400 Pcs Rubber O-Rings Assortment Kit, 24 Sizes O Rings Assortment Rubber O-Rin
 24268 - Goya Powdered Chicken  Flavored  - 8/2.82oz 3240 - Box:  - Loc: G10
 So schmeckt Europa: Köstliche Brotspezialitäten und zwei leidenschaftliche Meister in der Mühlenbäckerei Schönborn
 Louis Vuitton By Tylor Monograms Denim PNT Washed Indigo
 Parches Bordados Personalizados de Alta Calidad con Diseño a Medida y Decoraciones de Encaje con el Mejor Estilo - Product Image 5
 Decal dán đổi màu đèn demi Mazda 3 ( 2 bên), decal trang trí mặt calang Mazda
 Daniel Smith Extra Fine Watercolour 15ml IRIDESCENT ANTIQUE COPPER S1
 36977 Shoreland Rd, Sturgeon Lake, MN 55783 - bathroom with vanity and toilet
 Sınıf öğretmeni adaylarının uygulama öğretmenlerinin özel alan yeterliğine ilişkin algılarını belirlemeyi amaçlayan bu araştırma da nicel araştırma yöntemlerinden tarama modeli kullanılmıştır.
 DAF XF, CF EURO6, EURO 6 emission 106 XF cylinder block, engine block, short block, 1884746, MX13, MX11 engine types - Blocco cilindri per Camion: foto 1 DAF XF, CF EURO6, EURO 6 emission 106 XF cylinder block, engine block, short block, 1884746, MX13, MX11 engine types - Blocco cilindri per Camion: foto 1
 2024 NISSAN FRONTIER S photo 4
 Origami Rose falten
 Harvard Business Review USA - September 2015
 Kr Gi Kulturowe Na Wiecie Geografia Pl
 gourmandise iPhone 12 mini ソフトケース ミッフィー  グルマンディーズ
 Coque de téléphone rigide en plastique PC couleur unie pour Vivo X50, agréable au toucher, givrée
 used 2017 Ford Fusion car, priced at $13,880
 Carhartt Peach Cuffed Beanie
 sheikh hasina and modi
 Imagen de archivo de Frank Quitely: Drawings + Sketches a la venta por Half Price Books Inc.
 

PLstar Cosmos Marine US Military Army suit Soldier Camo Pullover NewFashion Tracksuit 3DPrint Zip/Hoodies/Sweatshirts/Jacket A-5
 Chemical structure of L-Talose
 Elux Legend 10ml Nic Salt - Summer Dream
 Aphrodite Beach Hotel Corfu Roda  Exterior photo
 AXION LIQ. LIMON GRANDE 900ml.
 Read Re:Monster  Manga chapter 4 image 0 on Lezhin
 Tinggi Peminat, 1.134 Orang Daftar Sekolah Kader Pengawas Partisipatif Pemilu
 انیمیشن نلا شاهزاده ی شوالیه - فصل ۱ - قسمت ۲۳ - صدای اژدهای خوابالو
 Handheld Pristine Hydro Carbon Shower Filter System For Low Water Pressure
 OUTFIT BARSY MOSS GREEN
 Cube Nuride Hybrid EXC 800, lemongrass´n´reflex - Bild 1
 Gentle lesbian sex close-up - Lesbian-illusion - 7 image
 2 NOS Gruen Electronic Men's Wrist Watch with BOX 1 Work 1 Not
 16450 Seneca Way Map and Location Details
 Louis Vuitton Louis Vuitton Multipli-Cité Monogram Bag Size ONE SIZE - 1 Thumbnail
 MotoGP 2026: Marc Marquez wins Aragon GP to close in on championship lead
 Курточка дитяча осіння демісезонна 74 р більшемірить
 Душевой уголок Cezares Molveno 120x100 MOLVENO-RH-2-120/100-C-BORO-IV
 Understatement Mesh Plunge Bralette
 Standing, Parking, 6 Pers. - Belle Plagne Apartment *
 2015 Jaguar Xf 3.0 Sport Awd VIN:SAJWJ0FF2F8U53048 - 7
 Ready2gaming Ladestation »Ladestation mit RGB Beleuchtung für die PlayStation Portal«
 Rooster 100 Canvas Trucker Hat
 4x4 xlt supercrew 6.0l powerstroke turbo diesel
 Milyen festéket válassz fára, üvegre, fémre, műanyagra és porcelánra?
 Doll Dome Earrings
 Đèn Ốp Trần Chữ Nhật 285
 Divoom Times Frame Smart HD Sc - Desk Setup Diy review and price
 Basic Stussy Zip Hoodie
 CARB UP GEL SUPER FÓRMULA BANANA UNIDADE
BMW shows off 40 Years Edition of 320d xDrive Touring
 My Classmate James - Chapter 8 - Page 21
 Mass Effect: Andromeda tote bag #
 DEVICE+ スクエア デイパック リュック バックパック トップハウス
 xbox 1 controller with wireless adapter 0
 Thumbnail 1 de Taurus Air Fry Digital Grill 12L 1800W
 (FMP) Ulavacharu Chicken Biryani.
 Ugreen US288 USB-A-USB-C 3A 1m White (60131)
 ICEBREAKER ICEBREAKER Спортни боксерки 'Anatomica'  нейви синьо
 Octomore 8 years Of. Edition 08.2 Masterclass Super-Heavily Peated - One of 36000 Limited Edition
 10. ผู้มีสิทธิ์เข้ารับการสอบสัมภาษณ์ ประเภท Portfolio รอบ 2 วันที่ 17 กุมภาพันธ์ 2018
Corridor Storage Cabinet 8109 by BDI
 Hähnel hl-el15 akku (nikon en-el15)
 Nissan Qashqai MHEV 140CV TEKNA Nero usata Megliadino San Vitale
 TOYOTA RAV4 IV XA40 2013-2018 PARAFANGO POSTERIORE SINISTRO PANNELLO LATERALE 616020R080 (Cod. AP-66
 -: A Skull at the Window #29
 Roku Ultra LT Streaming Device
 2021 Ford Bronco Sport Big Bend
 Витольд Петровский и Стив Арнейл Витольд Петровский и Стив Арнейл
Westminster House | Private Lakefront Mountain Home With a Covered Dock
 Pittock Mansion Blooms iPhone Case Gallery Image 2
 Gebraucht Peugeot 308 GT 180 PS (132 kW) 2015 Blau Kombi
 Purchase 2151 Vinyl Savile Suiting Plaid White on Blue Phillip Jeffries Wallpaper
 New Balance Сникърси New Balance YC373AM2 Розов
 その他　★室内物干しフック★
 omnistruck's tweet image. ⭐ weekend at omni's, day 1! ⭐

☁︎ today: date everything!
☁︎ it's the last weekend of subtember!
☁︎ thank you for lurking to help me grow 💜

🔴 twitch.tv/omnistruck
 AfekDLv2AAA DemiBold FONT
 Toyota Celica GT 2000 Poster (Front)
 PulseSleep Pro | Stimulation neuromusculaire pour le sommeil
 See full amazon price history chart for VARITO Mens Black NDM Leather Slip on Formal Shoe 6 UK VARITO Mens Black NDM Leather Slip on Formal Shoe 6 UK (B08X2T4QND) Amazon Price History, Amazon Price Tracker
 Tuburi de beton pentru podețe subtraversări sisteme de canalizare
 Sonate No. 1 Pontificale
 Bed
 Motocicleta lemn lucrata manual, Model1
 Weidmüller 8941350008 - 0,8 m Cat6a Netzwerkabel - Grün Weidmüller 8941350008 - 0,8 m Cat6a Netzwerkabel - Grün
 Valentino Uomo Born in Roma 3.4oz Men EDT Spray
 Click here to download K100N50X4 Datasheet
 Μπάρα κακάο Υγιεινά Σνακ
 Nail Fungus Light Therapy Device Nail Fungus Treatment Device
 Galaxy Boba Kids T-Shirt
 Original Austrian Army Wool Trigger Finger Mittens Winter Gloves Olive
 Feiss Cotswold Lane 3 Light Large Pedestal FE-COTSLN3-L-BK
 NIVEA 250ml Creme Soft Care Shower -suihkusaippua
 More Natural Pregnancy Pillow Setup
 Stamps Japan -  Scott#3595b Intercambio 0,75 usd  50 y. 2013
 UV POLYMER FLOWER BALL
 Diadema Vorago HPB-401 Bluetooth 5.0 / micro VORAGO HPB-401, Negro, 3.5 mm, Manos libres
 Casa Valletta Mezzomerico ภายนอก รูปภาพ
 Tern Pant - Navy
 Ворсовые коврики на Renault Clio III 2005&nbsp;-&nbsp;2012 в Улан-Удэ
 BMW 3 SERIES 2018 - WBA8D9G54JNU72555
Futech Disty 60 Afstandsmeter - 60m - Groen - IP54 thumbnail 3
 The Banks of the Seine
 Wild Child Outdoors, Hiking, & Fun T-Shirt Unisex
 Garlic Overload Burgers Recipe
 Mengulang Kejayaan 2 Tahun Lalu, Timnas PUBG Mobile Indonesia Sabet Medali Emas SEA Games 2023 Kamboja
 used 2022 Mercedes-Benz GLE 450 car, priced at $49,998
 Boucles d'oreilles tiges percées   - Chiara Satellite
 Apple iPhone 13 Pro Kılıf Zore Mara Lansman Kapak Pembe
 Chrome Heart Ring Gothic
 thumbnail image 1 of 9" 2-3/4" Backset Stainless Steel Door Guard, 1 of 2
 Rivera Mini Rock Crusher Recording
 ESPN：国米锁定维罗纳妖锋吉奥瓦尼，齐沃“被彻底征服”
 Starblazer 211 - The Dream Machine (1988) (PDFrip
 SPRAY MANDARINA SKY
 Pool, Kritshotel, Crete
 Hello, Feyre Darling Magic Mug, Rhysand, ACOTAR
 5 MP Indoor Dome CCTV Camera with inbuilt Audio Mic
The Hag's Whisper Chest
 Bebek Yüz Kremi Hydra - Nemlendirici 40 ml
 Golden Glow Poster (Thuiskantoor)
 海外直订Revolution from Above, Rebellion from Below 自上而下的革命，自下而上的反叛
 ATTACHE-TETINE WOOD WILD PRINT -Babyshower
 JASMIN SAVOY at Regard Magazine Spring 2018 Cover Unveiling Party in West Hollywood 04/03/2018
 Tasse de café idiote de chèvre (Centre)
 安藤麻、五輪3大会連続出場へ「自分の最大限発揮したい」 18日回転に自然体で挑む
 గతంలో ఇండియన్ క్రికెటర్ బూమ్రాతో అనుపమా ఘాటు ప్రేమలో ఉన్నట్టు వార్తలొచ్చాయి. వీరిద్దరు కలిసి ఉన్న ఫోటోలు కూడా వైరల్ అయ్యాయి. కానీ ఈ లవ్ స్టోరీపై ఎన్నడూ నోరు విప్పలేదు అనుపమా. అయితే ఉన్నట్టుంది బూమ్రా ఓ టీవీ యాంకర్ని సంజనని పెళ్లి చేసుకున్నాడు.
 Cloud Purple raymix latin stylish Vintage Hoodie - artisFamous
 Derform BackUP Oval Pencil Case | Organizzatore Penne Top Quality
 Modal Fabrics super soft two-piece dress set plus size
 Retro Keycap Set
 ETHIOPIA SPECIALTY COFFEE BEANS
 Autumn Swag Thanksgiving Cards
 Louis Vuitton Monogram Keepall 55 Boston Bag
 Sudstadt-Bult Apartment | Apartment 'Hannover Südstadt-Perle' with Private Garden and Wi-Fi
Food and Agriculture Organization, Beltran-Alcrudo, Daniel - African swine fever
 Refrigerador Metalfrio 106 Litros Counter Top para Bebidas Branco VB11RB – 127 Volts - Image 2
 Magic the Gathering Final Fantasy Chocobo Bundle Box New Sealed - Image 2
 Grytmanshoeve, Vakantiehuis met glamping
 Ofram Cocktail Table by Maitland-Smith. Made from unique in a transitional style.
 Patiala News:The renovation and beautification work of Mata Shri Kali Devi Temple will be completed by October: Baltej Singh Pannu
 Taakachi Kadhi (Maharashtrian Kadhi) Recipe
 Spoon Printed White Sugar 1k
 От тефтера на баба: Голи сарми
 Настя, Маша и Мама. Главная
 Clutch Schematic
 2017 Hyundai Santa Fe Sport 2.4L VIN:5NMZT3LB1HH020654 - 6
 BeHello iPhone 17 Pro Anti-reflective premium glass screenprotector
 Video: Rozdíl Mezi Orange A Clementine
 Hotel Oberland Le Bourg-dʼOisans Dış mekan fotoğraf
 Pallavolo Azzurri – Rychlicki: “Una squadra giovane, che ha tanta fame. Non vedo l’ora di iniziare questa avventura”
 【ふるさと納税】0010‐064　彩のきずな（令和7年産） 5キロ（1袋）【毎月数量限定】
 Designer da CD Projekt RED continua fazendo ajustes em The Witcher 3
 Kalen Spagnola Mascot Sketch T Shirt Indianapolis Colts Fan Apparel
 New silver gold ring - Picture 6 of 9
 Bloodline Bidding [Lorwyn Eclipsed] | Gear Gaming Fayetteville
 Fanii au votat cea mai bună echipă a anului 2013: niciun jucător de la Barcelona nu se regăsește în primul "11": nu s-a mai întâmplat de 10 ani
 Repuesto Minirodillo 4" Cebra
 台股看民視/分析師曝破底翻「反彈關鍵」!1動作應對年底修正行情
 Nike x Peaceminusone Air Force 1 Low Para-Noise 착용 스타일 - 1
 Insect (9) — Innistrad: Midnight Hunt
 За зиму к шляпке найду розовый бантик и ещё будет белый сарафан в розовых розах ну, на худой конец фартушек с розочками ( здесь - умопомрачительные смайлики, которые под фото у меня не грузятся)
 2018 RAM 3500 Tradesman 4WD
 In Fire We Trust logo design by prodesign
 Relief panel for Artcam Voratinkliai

**Exercise instructions**
From the records above, print only the lines between the one holding "海外直订Revolution from Above, Rebellion" and the one holding "Grytmanshoeve, Vakantiehuis met glamping", inclusive, exactly as they stand.

**Answer to the problem**
 海外直订Revolution from Above, Rebellion from Below 自上而下的革命，自下而上的反叛
 ATTACHE-TETINE WOOD WILD PRINT -Babyshower
 JASMIN SAVOY at Regard Magazine Spring 2018 Cover Unveiling Party in West Hollywood 04/03/2018
 Tasse de café idiote de chèvre (Centre)
 安藤麻、五輪3大会連続出場へ「自分の最大限発揮したい」 18日回転に自然体で挑む
 గతంలో ఇండియన్ క్రికెటర్ బూమ్రాతో అనుపమా ఘాటు ప్రేమలో ఉన్నట్టు వార్తలొచ్చాయి. వీరిద్దరు కలిసి ఉన్న ఫోటోలు కూడా వైరల్ అయ్యాయి. కానీ ఈ లవ్ స్టోరీపై ఎన్నడూ నోరు విప్పలేదు అనుపమా. అయితే ఉన్నట్టుంది బూమ్రా ఓ టీవీ యాంకర్ని సంజనని పెళ్లి చేసుకున్నాడు.
 Cloud Purple raymix latin stylish Vintage Hoodie - artisFamous
 Derform BackUP Oval Pencil Case | Organizzatore Penne Top Quality
 Modal Fabrics super soft two-piece dress set plus size
 Retro Keycap Set
 ETHIOPIA SPECIALTY COFFEE BEANS
 Autumn Swag Thanksgiving Cards
 Louis Vuitton Monogram Keepall 55 Boston Bag
 Sudstadt-Bult Apartment | Apartment 'Hannover Südstadt-Perle' with Private Garden and Wi-Fi
Food and Agriculture Organization, Beltran-Alcrudo, Daniel - African swine fever
 Refrigerador Metalfrio 106 Litros Counter Top para Bebidas Branco VB11RB – 127 Volts - Image 2
 Magic the Gathering Final Fantasy Chocobo Bundle Box New Sealed - Image 2
 Grytmanshoeve, Vakantiehuis met glamping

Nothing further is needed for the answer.